The paper wades into the thorny issues about how to adjust prices to technological change. In addition, it touches on trade with a thinly-veiled reference to how iPhones are produced.

"In a globalized economy, many goods are US-designed (an investment) but manufactured abroad. This practice creates particular problems in accounting for the domestic value of intellectual property. For example, consider a smartphone that is designed in the United States, produced in an Asian country, and then purchased and imported by the US firm for final sale. The Bureau of Economic Analysis counts the wholesale value of the phone, which may include the value of the US firm's intellectual property, as an import and in final sales. Ideally, BEA would also capture the export of the intellectual property to the foreign producer on its surveys of international trade in services. However, under certain contract manufacturing arrangements, there may be no separate transaction for exports of design/software to the Asian manufacturer, thus understating exports in the national accounts," they report.

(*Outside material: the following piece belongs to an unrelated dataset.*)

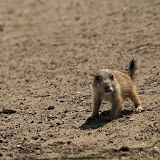  &ndash; Baby Prairiehondje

The paper was published earlier in the month but is getting some attention today.

It's almost taboo to talk about how difficult -- if no impossible -- it is to get good economic data. Dozens of assumptions and adjustments go into every report and it undermines monetary policy, if not financial markets.

An adjustment error of 0.2 percentage points per year in four separate years seems small but it's compounded over time.

In any case, the paper is a great primer on the challenges and assumptions that go into economic data.

Better yet, rather than appointing a dozen officials to the FOMC who are slavishly dedicated to the data; they could help to balance the discussion by adding an experienced BLS or BEA statistician.